Through the Rooker-Feldman doctrine, federal judges re-wrote the Civil Rights Act, in violation of their restricted authority under Article III and while usurping the exclusive power of the U.S. Congress to legislate under Article I of the U.S. Constitution.

Federal courts in the U.S. so far religiously applied the Rooker-Feldman doctrine, tossing thousands of civil rights cases every year - because, in the federal courts' unanimous opinions, "losers" (the language of the federal court "test") in state court proceedings must not be allowed to complain about what state courts did to them - even what state courts did to them was biased, unconstitutional and corrupt.

Corrupt.

That's a key word now.

Because, just to save a corporation from a $9 billion dollar judgment, the 2nd Circuit carved out an exception to the Rooker-Feldman bar to its JURISDICTION and now claimed that it can impose an injunction on enforcement of that judgment because allegedly the proceedings in the Ecuadoran court were corrupt.
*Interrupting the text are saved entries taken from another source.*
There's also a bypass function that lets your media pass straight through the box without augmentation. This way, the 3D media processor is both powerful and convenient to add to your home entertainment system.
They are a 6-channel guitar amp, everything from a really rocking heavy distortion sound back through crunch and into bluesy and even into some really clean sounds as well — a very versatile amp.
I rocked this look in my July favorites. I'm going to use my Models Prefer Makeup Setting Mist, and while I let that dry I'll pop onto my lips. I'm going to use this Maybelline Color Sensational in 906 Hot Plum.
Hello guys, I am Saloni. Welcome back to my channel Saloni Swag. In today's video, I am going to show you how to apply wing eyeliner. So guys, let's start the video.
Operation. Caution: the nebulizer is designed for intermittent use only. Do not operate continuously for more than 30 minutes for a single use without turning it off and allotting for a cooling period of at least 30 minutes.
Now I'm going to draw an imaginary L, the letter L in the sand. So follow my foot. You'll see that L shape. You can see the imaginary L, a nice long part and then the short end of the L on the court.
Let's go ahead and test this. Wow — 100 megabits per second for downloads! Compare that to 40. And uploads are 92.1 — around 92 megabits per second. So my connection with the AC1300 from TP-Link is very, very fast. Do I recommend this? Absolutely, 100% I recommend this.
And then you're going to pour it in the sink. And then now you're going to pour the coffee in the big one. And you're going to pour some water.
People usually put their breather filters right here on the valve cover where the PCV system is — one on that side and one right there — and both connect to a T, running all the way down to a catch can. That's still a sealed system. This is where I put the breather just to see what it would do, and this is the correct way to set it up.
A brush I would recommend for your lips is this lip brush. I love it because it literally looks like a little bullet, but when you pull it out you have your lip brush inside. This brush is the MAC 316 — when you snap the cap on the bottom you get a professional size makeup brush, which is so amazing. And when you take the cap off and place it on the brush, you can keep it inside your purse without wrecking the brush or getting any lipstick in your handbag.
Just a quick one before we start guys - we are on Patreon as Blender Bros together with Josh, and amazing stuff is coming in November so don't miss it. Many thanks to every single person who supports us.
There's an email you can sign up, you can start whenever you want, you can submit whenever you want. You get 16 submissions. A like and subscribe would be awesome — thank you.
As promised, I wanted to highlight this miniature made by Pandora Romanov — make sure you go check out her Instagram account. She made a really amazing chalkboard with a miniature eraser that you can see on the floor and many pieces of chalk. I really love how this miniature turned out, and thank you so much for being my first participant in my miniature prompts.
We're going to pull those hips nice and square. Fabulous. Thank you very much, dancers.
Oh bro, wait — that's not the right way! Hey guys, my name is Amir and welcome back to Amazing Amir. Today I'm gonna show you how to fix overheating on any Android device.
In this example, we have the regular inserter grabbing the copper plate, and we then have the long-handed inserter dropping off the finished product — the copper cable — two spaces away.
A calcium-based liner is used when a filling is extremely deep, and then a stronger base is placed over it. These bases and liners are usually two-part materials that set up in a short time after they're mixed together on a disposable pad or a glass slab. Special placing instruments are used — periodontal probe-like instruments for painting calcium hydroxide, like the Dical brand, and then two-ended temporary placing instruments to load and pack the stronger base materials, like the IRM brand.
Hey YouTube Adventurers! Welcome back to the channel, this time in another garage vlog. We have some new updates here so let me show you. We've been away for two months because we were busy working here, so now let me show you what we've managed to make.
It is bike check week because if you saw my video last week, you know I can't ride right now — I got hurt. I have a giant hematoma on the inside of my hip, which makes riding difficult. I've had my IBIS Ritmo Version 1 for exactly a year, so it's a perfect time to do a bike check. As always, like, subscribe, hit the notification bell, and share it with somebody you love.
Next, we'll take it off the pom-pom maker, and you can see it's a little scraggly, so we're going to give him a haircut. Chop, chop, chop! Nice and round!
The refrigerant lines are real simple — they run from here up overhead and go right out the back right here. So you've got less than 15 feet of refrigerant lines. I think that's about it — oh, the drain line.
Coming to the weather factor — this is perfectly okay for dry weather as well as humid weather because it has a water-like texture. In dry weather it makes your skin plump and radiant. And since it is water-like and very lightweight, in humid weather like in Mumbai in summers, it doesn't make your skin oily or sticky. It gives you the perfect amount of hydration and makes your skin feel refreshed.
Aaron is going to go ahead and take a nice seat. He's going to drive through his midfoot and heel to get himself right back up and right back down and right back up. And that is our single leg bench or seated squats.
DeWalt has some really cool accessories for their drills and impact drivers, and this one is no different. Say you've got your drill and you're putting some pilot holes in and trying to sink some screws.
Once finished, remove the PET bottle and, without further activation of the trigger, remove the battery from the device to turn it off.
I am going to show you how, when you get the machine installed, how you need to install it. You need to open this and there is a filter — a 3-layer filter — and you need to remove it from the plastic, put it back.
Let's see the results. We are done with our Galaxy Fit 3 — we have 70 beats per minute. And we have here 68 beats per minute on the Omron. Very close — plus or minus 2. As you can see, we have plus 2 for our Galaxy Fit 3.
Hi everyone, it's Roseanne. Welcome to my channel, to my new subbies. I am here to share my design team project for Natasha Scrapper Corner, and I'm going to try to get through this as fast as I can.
I will analyze in separate blogs the 497-page (!) decision of the district court affirmed by the 127-page opinion of the 2nd Circuit - and especially the order denying judicial notice of certain documents, issued by the 2nd Circuit after the 127-page opinion.

Since there are over 2,000 pages of documents involved, I will certainly have to take my time to review all this extremely interesting case, to get to the bottom of what made the 2nd Circuit carve out an exception in its usually cemented-tight claim that the Rooker-Feldman doctrine precludes losers in other courts to come in front of the 2nd Circuit complaining of that loss, for any reasons whatsoever.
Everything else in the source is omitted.